Christine Montross intersperses her accounts of her patients and the science behind their issues with glimpses into her private life; often ones that find her experiencing the mildest versions of her patient’s extreme behaviour. The desire to feel alive by jumping into a freezing ocean seems laudatory, in a way swallowing knives does not, but the impulse is the same. Yet it felt strange that, while celebrating her own happy and sane existence, she never looks closely at the fact that her marriage to another woman with whom she is raising two children would have been heavily condemned three or four decades ago. And then she would have been subject to some of the social pressures her patients have buckled under. Nor does she consider the fatal tendency of medicine to be hypnotised by fashion – like the prescription of ritalin for children, or the x-rays of pregnant mothers that, even with data proving the link to childhood leukemia, were used for another twenty years. She sticks to the conviction that not enough people get the drugs they need, which may well be true.

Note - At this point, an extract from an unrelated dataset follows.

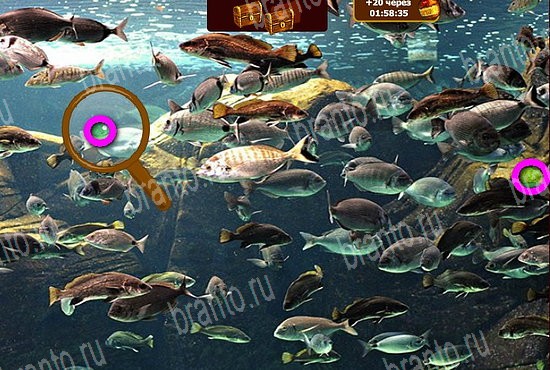 Игра Сокровища морей подсказки вк Уровень 229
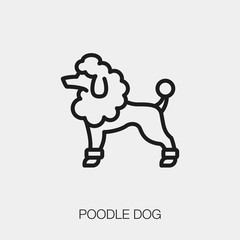 poodle dog icon vector sign symbol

She does raise vital issues about the near impossibility of decent after care for her patients, as well as the ethical problems surrounding their treatment with regard to the patient’s right for choice and autonomy when compared to the unsettled balance of their minds. This was a gripping book and a fair and compassionate one; the sheer difficulty of finding answers to the problems she highlights only shows how essential it is to keep thinking about them.
Christine Montross, Falling into the Fire; A Psychiatrist’s Encounters with the Mind in Crisis (Oneworld: London, 2014) 978-1780743660, 256pp, paperbk.